Use kubectl to reduce the number of pod replicas of the Redis service deployment to zero. Observe the SBA dashboard for as status changes.

Scale Up Redis

Use kubectl to restore the Redis service pod. Check SBA dashboard to verify that system health is restored.

Incident Simulation

In this section we will be running a live-fire simulation of a previously observed failure in our environment. As an incoming SRE, this simulation will help with practicing end-to-end incident handling and rapid incident detection. From there you are expected to form and test your theory and document your findings.

Ensure you are in the root directory of the starter-project repository.

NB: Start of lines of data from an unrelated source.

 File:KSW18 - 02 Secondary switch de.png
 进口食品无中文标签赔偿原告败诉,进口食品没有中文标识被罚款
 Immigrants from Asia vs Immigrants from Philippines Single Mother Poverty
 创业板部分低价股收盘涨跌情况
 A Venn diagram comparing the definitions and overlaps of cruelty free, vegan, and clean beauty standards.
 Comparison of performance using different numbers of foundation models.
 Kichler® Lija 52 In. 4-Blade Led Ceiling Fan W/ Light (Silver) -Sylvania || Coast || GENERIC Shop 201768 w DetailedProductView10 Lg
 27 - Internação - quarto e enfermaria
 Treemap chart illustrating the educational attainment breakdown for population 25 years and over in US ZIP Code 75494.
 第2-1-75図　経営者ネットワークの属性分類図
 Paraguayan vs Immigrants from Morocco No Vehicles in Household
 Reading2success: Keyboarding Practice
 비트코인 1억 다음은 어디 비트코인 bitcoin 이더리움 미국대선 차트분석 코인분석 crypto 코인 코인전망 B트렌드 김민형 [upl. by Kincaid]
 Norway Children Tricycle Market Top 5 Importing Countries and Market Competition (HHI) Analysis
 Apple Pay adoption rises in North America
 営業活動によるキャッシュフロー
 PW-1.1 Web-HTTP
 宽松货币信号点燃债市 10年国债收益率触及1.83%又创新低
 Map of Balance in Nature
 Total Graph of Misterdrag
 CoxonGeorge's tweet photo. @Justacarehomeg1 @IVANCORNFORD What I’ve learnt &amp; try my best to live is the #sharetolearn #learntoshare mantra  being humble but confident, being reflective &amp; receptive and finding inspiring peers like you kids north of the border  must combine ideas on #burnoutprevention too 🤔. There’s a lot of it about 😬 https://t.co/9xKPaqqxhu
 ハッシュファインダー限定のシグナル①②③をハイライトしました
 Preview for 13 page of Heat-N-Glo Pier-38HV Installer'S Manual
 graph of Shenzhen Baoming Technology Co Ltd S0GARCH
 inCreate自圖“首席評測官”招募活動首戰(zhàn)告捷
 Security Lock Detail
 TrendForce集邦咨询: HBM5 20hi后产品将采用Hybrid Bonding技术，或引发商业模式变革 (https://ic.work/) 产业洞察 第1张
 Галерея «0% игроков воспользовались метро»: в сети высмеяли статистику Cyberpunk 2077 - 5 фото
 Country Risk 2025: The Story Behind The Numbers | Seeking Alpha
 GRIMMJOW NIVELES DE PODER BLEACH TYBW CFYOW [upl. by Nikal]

Add simulation to kubernetes manifest

kubectl apply -f simulation/sre_simulation.yaml

Ensure scripts are executable.

chmod +x simulation/scripts/*

Run simulation

Once the simulation has been added to the kubernetes cluster run the simulation start script

./simulation/scripts/simulation_start.sh

There is a simulation end script as well. It may help to start and stop the simulation a couple times while you are observing the K8S cluster.

Observation

What do you see happening? Any errors?

If any errors are present, what steps would you take to troubleshoot this issue?

If you need help, feel free to reach out to your SRE buddy and/or SRE team.

Add a Custom Metric

To gather more data that is critical for the operation of a service, we can define a custom metric which can then be observed through SBA or collected by Prometheus. Create a custom metric that counts requests sent to the /patients/<icn>/info endpoint and records success or failure. See the docs and this guide for example code. You can use a single Metrics.counter().increment() expression. Note that if you don’t give a tag to your counter, the metric won’t be usable in SBA.

Send Requests

Send a few requests that should fail because they lack a valid JWT.

curl --location --request GET 'http://localhost:31349/starter/v1/patients/123/info' \
--header 'x-vamf-jwt: NOTAREALJWT'

Send a few requests that should succeed.

curl --location --request GET 'http://localhost:31349/starter/v1/patients/123/info' \
--header 'x-vamf-jwt: <<your-jwt-here>>'

Send multiples of each request and observe metrics being collected in SBA.

Review / Acceptance

Reach out to the SRE team lead to schedule a review when you have completed the project and simulation.